───── Extracted information
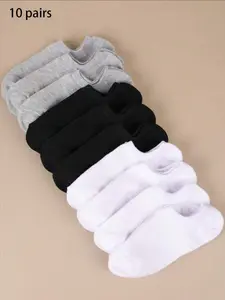 10 Pairs Women's Socks, Multi-Color Short Socks, Cozy Socks, Low Vamp Breathable Non-Slip Invisible Socks, Perfect for Summer Wear, Womenswear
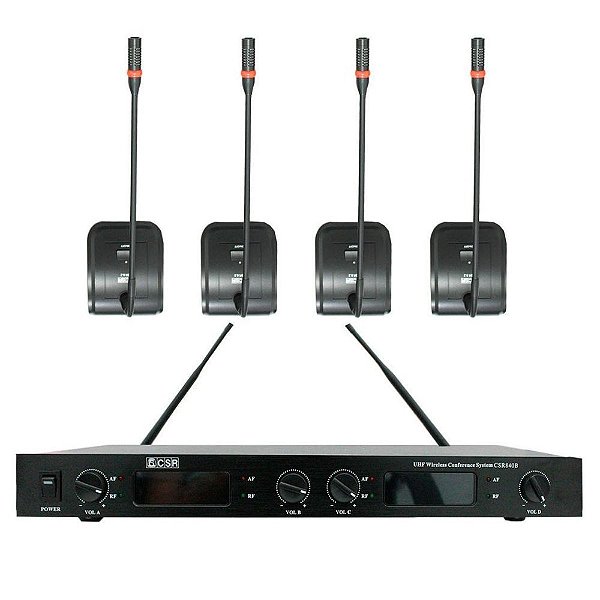 4 Microfones Sem Fio UHF Gooseneck 840B - CSR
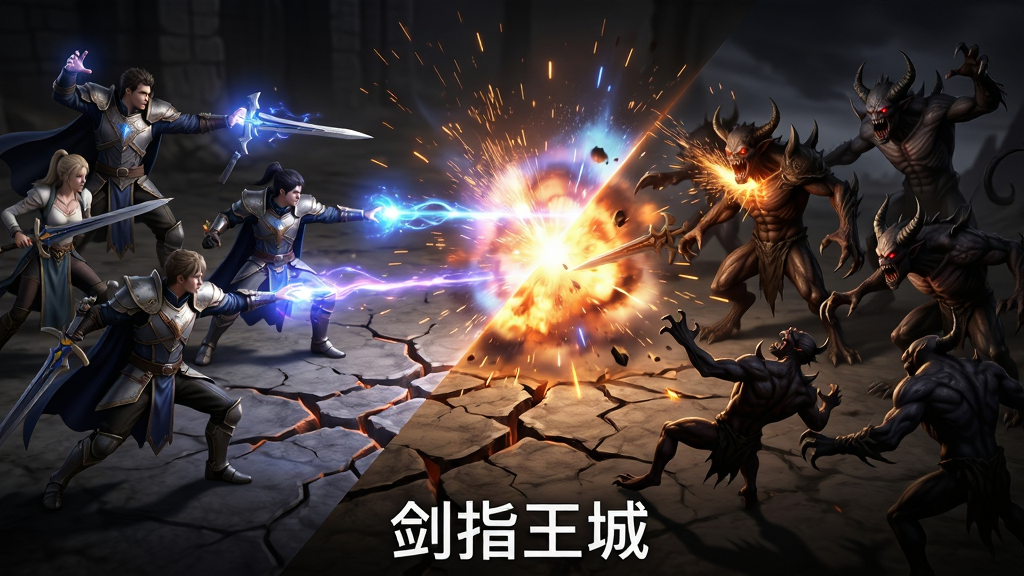画面主体是一场激烈的魔幻战斗场景,左侧是玩家英雄队伍正在释放技能,右侧是黑暗军团怪物,画面中央有爆炸的魔法光效和飞溅的火花,布局为斜对角构图,风格为写实魔幻战斗CG,细节包括英雄施法动作、怪物被击退的姿态、地面裂开的纹路,画质为4K高清,画面干净,无多余元素,图片底部用白色字体写着“剑指王城”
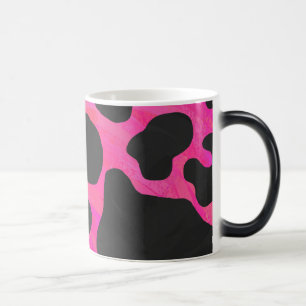 Mug Magique Vache Imprimé Rose Chaud et Noir
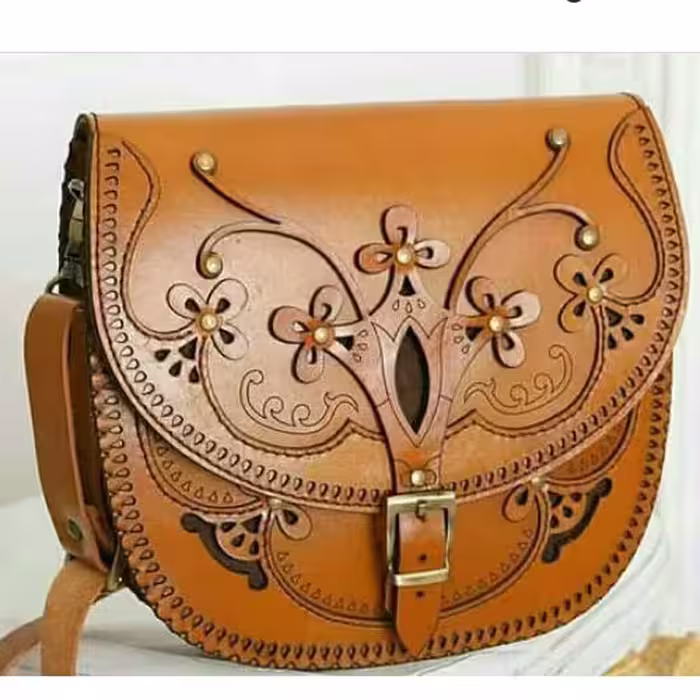 کیف دوشی چرم طبیعی گاو دست دوز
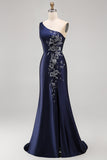 Navy One Shoulder Appliqued Mermaid Satin Mother of the Bride Dress with Slit
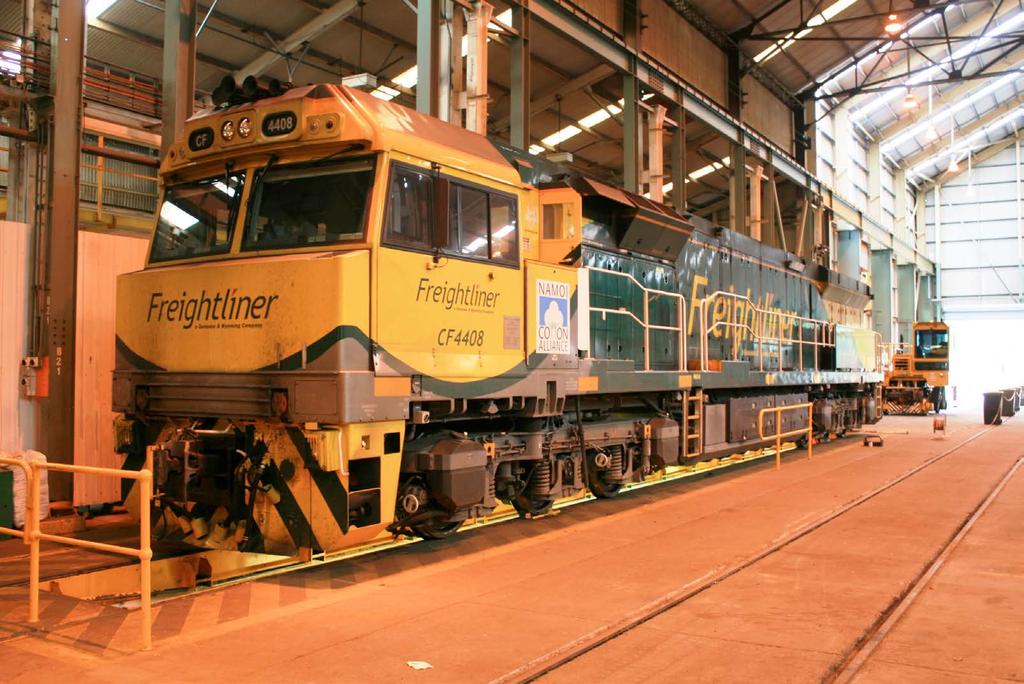 BITRE Statistical Report Figure 62 C44ACi Class locomotive maintenance Note: The image above shows a Freightliner CF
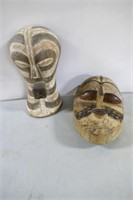 Pair Decorative Wood Masks 13"L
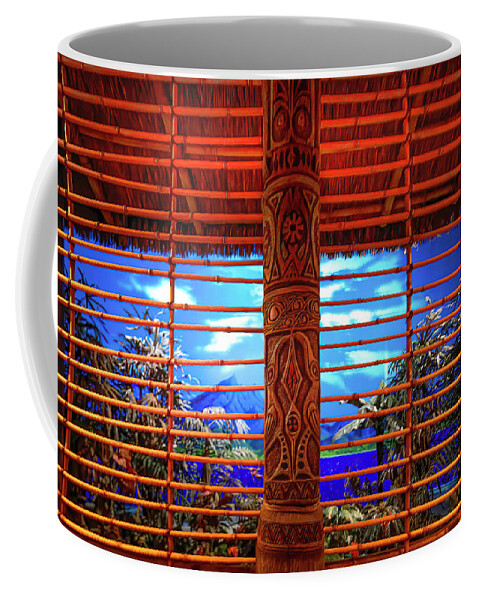 Enchanted Tiki Room Coffee Mug featuring the photograph Enchanted Tiki Room Window Diorama by Mark Andrew Thomas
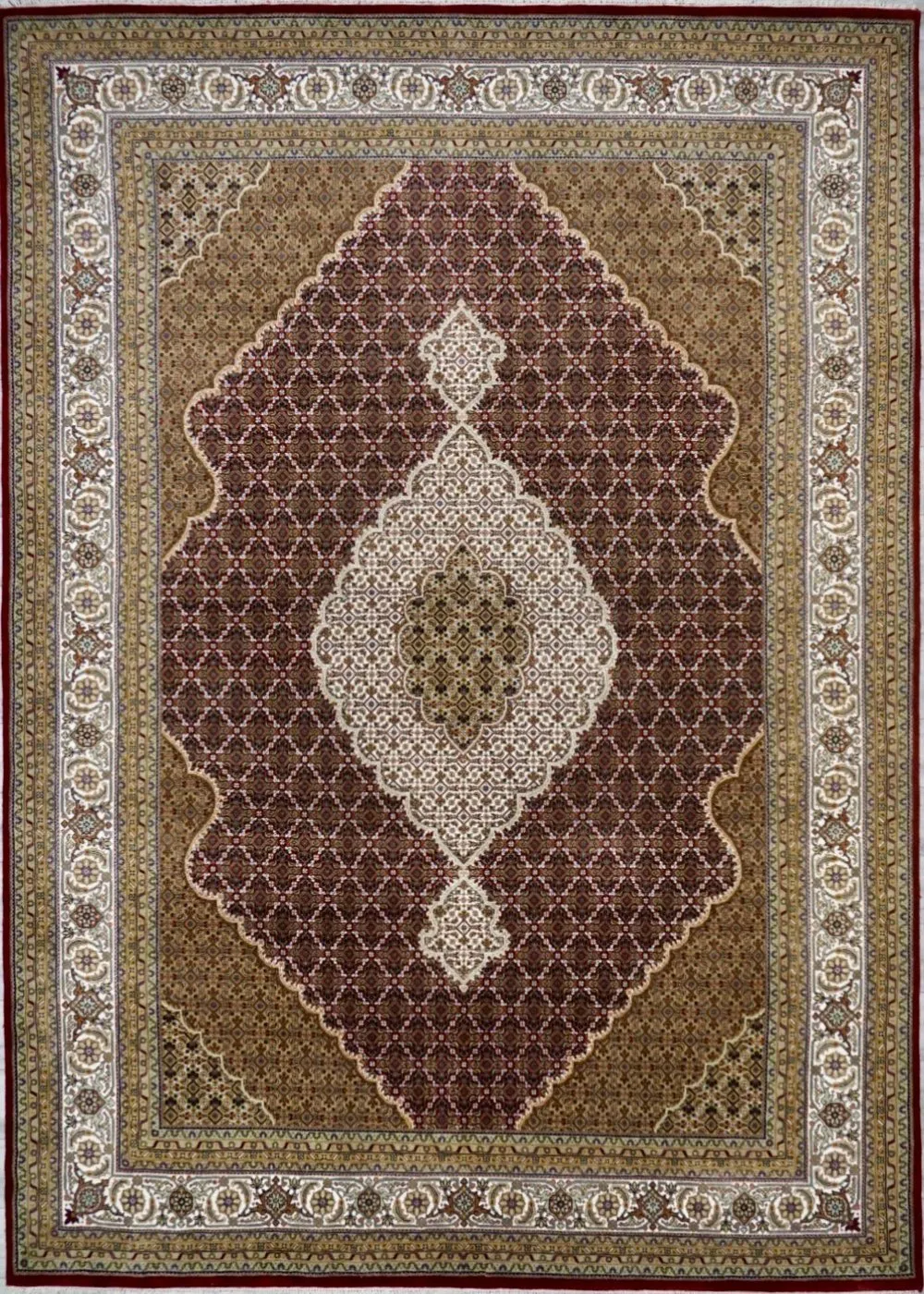 India Tabriz Mahi Hand Knotted Wool & Silk 9x12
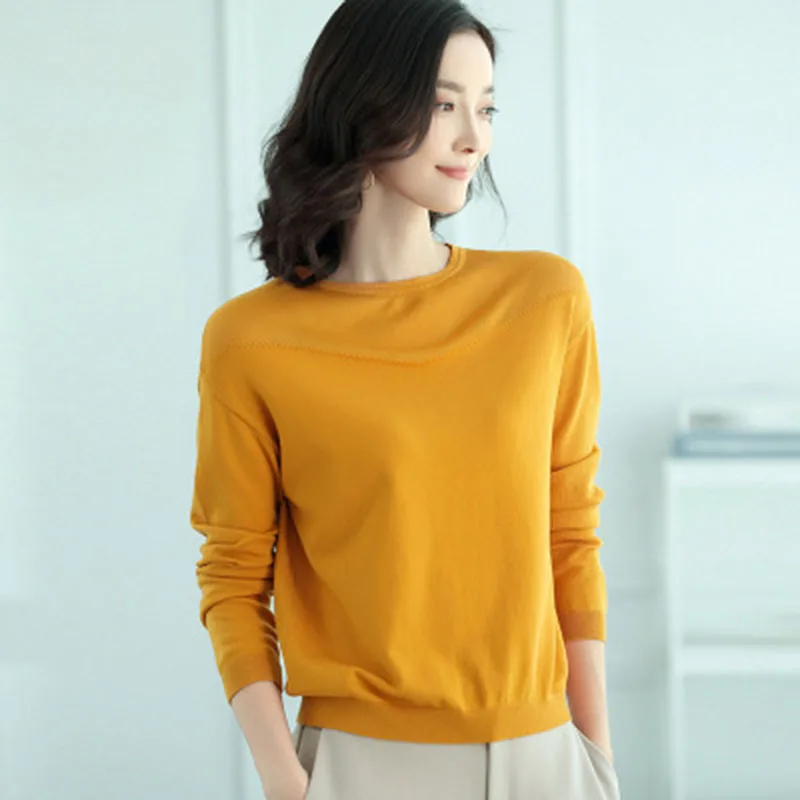 

women knitted sweater Long sleeve O-neck Solid color all match lady casual dress Lady office top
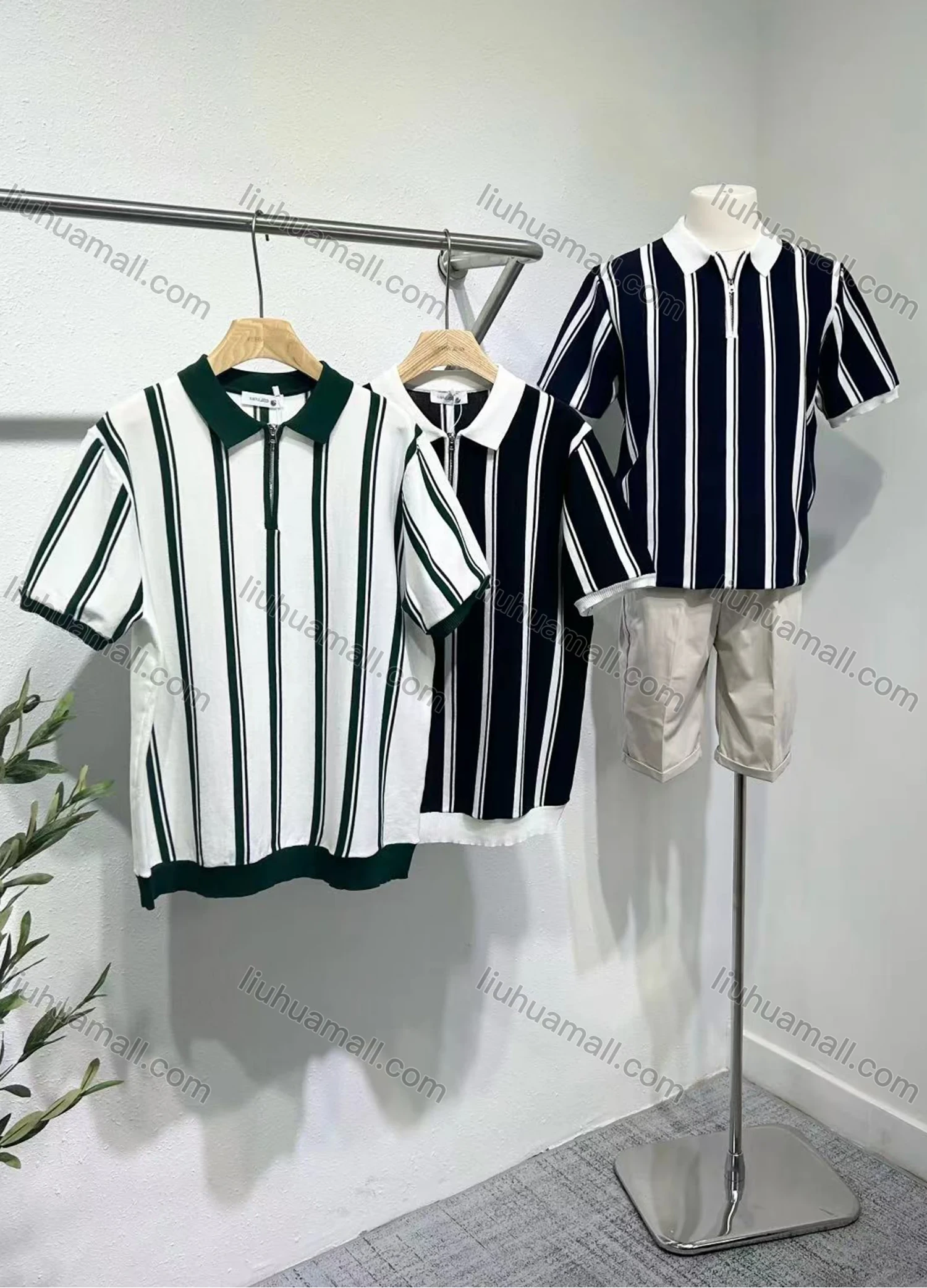 Wholesale Men's Casual Striped Contrast Quarter Zip Short Sleeve Henley Shirt E75035# - Liuhuamall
──────────
Exercise:
For the entries above, print exactly the lines between the one with "画面主体是一场激烈的魔幻战斗" and the one with "Enchanted Tiki Room Coffee", inclusive, with no pictures.

Result of the exercise:
画面主体是一场激烈的魔幻战斗场景,左侧是玩家英雄队伍正在释放技能,右侧是黑暗军团怪物,画面中央有爆炸的魔法光效和飞溅的火花,布局为斜对角构图,风格为写实魔幻战斗CG,细节包括英雄施法动作、怪物被击退的姿态、地面裂开的纹路,画质为4K高清,画面干净,无多余元素,图片底部用白色字体写着“剑指王城”
 Mug Magique Vache Imprimé Rose Chaud et Noir
 کیف دوشی چرم طبیعی گاو دست دوز
 Navy One Shoulder Appliqued Mermaid Satin Mother of the Bride Dress with Slit
 BITRE Statistical Report Figure 62 C44ACi Class locomotive maintenance Note: The image above shows a Freightliner CF
 Pair Decorative Wood Masks 13"L
 Enchanted Tiki Room Coffee Mug featuring the photograph Enchanted Tiki Room Window Diorama by Mark Andrew Thomas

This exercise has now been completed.